We witnessed how machine learning algorithms often fail to predict outcomes accurately, even when statistical measures indicate the opposite. However, on the one hand, this seeming failure can provide rich cases for qualitative analysis, and on the other hand, it emphasises the necessity of collaboration between humanities scholars and computer scientists for developing a critical approach to machine learning. In addition, during the process we went through, it became evident how qualitative analysis of algorithmic failure can reveal hidden biases, assumptions and power structures in data and algorithms (Rettberg, Citation2022). From a computational perspective, we observed that the existence of common visual features in images, and consistency in the rationale for assigning images to specific categories, constitute key aspects for an ethnographically informed image classification. We also concluded that category re-evaluation – the refinement process in our case – proved to be crucial for forming categories that are both meaningful ethnographically and have distinctive visual characteristics for the computer to detect. Finally, we found that subcategories can be beneficial for a more accurate categorisation by the computer, but more importantly, they can allow for ambiguities and previously undetected differentiations in the data to emerge and be observed by the ethnographers. The critical re-evaluation of categories that emerged from our iterative process between ethnographic inquiry and computational analysis exemplifies the substantiation of our initial argument: that the intersection of these methods can yield insights that are greater than the sum of their parts.

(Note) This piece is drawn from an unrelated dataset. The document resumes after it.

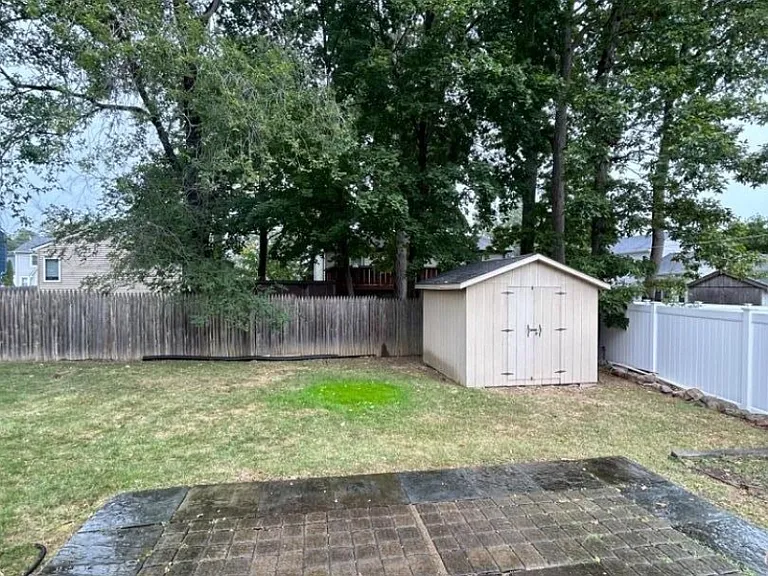 86 Kingston Rd — Photo 11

Our results indicate that, through a transition from ethnographic to computational back and forth, a computational system that can categorise visuals in ethnographically informed categories with high confidence and accuracy can be created. In parallel, we suggest that, using our method, ethnographers can come up with new theoretical perspectives on a given data after preparing it for the training of the computational system. The methods-bridging results in, rather than a methodological ‘bank of the river’ in which both parties stay intact, a back-and-forth ‘flow of the river’ of both research approaches learning new insights by being exposed to one another. This conclusion is compatible with previous research demonstrating that an AI system can be not just a tool for humans to use but rather a complex socio-technical system with its own agency, subjectivity and ‘social life’ (Munk et al., Citation2022). Our findings and the resulting discussion provide concrete examples of how to effectively bridge the perceived gap between ethnographic richness and computational efficiency. This underscores the value of bridging these methodologies, while also acknowledging the intricate balance between ethnographic depth and computational rigor. Bridging AI to ethnography and ethnography to AI provides a promising avenue for future research mapping online visual politics by the methodological combination bringing the best from both worlds: a thick picture drawing results from large datasets while making sense to not only the human eye but also ambitious research questions about the uses and meanings of images in political activity.

Acknowledgments

The authors want to acknowledge the invaluable participation of Karine Clément, Juulia Heikkinen, Jenni Kettunen, Carla Malafaia and Jyrki Rasku to the development of the method described in this article.

Disclosure statement

No potential conflict of interest was reported by the author(s).

Additional information

Funding

The funding source for this work is the following: Grant Agreement number: 804024 - ImagiDem - ERC-2018-STG.

Notes on contributors

Vasileios Maltezos

Vasileios Maltezos is a PhD candidate in Computational Social Science at the University of Helsinki.

Eeva Luhtakallio

Eeva Luhtakallio is Professor of Sociology at the University of Helsinki.

Taina Meriluoto

Taina Meriluoto is Senior Researcher in Sociology at the University of Helsinki.

Notes

1. The authors want to acknowledge the invaluable participation of Karine Clément, Juulia Heikkinen, Jenni Kettunen, Carla Malafaia and Jyrki Rasku to the development of the method described in this article.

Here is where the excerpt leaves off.